WHAT YOU ARE ASKED TO DO
Everything in the data below is left aside except the lines from the one containing "Tambon Thap Kung, Udon" through the one containing "日野レンジャー冷凍車（冷蔵車）中型（4t）[写真13]"; repeat those exactly.

#### INFORMATION

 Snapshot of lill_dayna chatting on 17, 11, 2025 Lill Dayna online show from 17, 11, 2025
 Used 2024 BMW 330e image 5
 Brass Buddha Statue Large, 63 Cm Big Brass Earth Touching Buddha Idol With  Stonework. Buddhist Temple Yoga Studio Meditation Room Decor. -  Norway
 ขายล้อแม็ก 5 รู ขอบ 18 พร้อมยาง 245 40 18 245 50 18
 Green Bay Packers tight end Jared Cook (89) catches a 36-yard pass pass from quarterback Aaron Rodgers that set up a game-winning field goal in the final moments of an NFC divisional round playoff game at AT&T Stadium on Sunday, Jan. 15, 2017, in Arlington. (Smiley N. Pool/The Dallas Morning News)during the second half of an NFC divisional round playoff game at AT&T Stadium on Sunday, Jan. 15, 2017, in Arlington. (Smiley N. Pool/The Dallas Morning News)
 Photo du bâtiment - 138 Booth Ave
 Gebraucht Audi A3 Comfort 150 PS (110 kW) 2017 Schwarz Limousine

########
#### INFORMATION

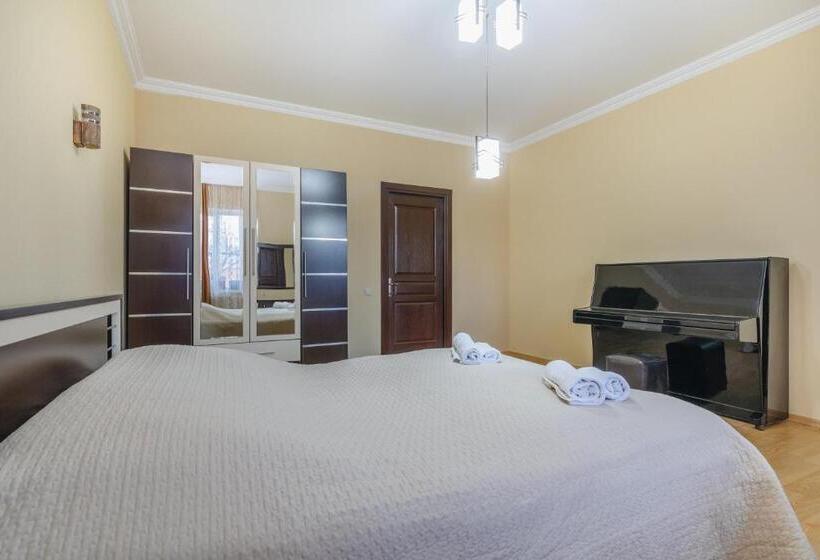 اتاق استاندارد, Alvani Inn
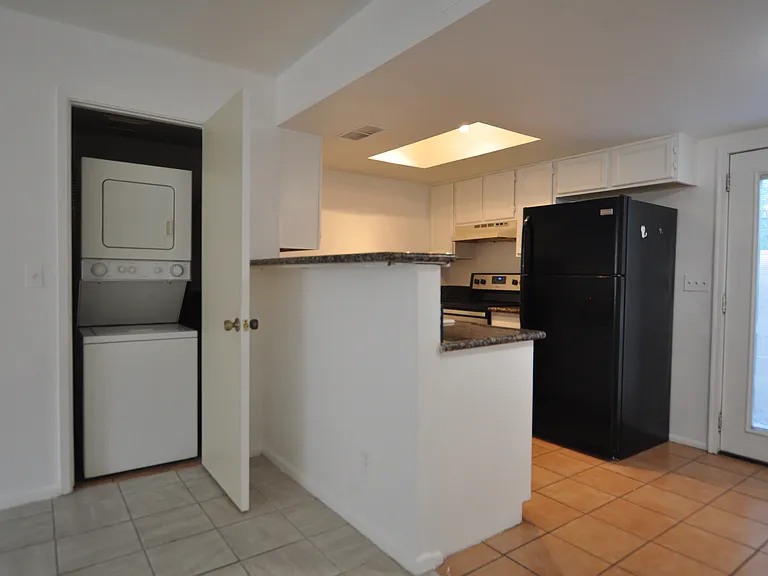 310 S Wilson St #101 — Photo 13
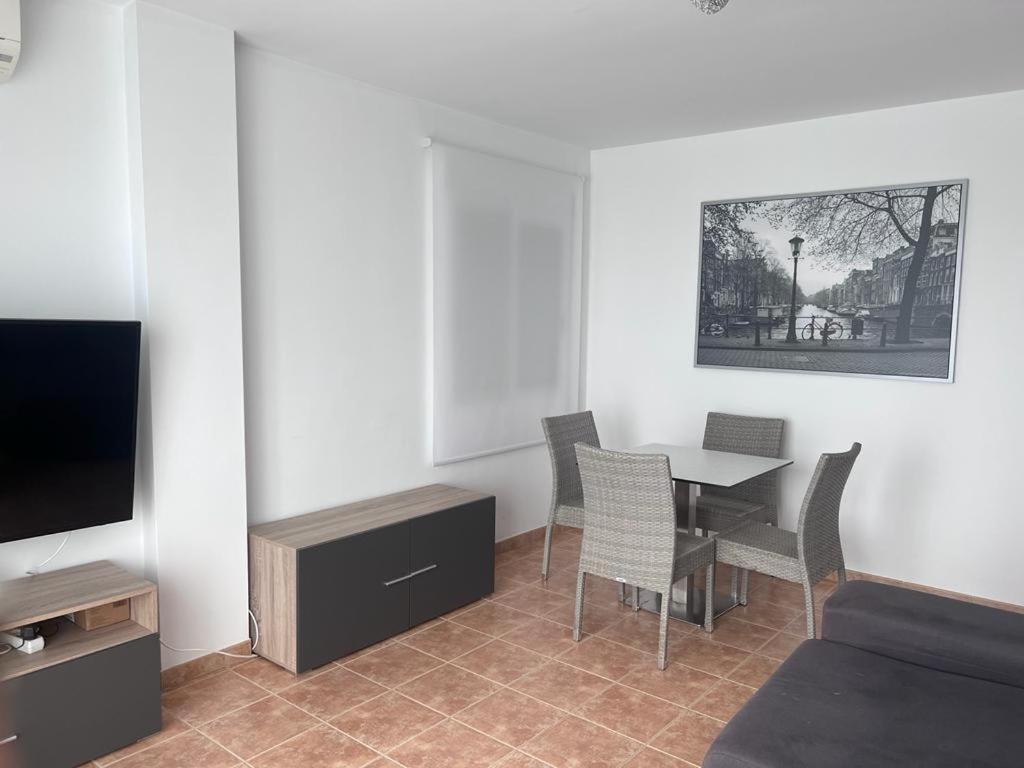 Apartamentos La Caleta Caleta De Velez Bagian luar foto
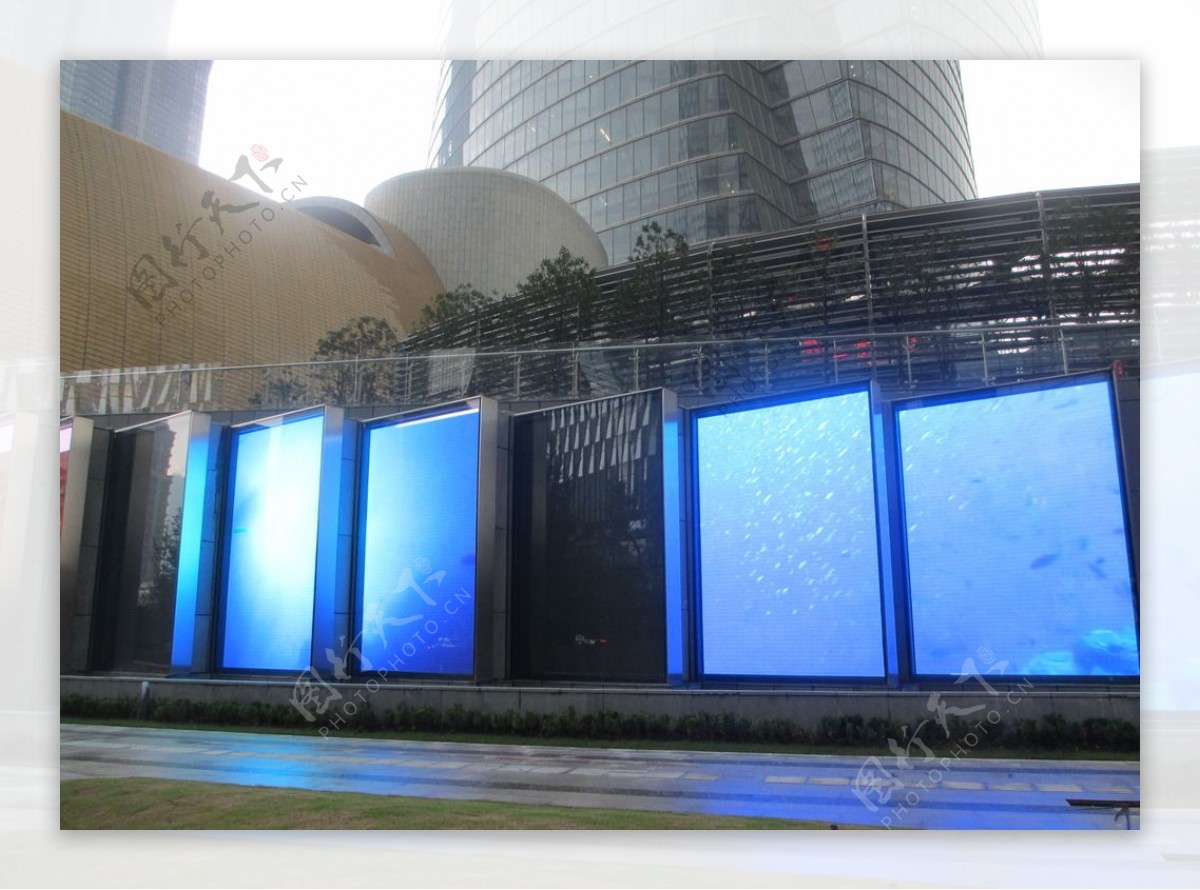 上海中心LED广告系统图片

########
#### INFORMATION

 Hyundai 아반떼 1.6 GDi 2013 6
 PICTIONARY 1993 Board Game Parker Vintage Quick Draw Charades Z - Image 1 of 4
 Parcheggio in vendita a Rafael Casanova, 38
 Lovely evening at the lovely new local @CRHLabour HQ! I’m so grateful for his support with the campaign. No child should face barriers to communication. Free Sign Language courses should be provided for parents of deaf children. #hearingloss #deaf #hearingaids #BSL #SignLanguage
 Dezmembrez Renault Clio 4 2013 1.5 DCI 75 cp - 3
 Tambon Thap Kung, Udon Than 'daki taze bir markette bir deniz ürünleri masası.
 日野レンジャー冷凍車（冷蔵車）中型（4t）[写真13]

########

COMPLETED EXERCISE
 Tambon Thap Kung, Udon Than 'daki taze bir markette bir deniz ürünleri masası.
 日野レンジャー冷凍車（冷蔵車）中型（4t）[写真13]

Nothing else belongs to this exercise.